One idea that you will never hear expressed by either Barack Obama or John McCain in this presidential race is the notion that a chief task of US foreign policy in the next administration will be to gracefully manage an adversely shifting global power balance and significantly diminished US influence. this is not a hypothetical issue, but one that stares us in the face today.
The failure to recognise this shift in power has been all too evident in the events leading up to the Russian intervention in Georgia. Since the Yeltsin years, the US has had a series of policy differences with the Russians, including Nato expansion, the Balkans, missile defence, policy towards Iran and human rights in Russia itself. Diplomacy, such as it was, consisted of persuading Russia to accept all of the items on our list and telling them their fears and concerns were groundless. The US never regarded the relationship as a bargaining situation in which it would give up things it wanted in return for things the Russians wanted. Like the proverbial Englishman speaking to a foreigner, we thought we could make them understand us by repeating ourselves in a louder voice.

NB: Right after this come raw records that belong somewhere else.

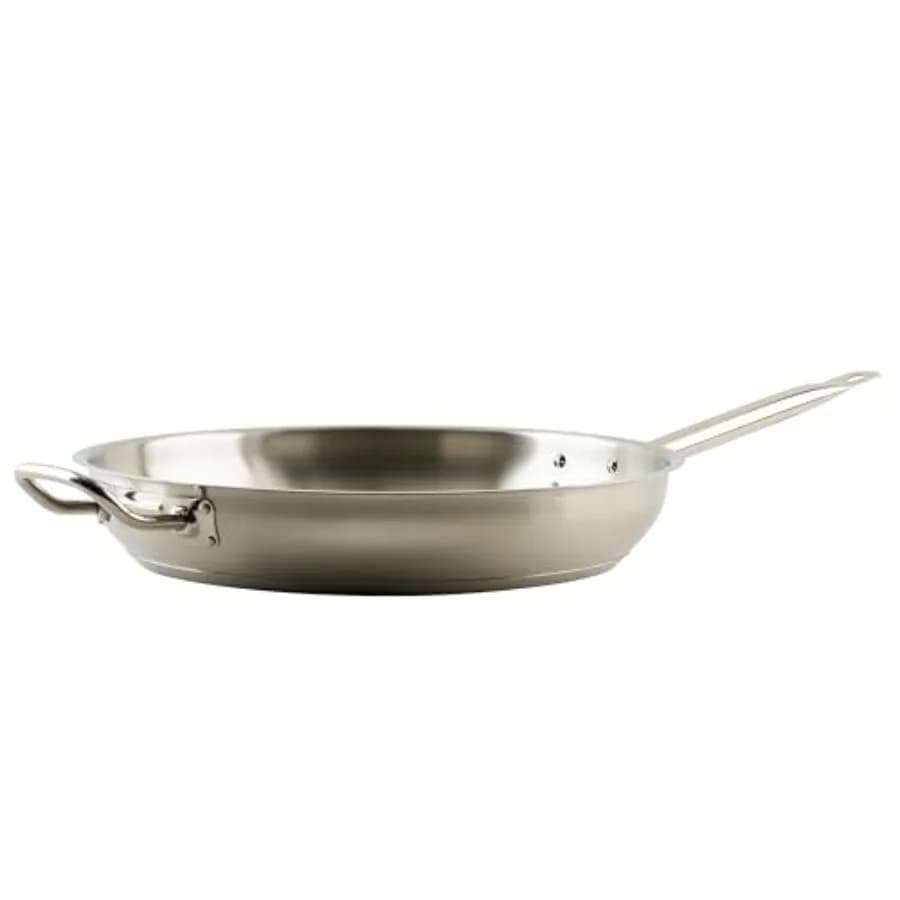 Padella Professionale in Acciaio Inox Winco con Manico Ausiliario, Finitura Naturale, 14 Pollici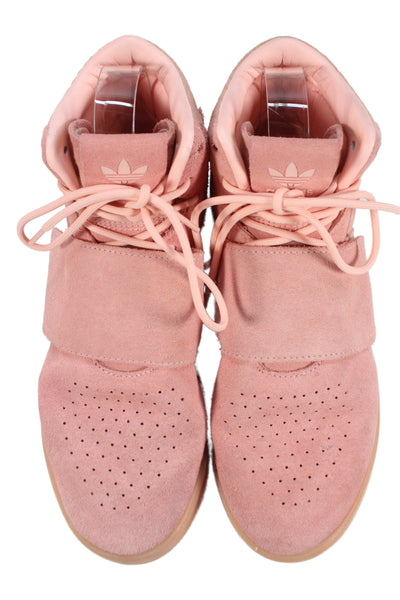 Adidas Womens Tubular High Top Strap Leather Athletic Sneakers Shoes Pink Size 6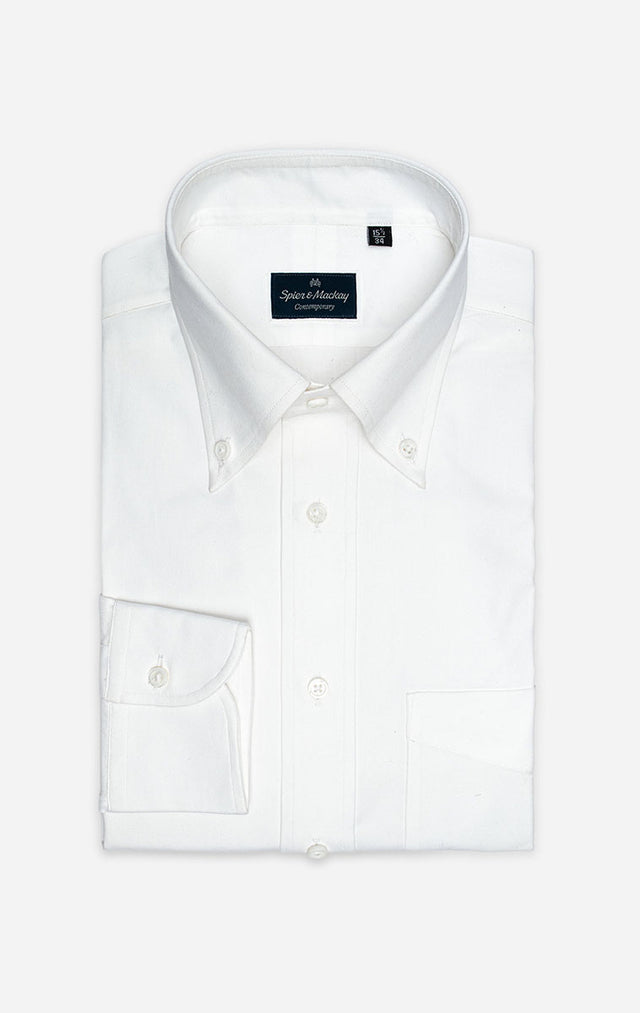 White - Button Down Collar - Pin Oxford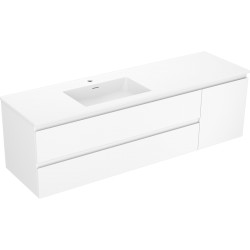 MEXEN/S - Orio koupelnová skříňka 160 cm s umyvadlem Otis levá, 2S, 1D, bílá mat (91A13-16047-3-BBFFF01-W18L01)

This posture by the Bush administration reflected the balance of power that existed in the 1990s, when Russia was weak and had few cards to play. But that has changed. The contrast between Moscow's intervention in Chechnya in 1994 and Georgia in 2008 is dramatic: much as the US did not like Russian behaviour in crushing Chechen separatism, the Russian military operation was so incompetent that it seemed to set few ominous precedents. Today, all thoughts are on where Russian power will be used next.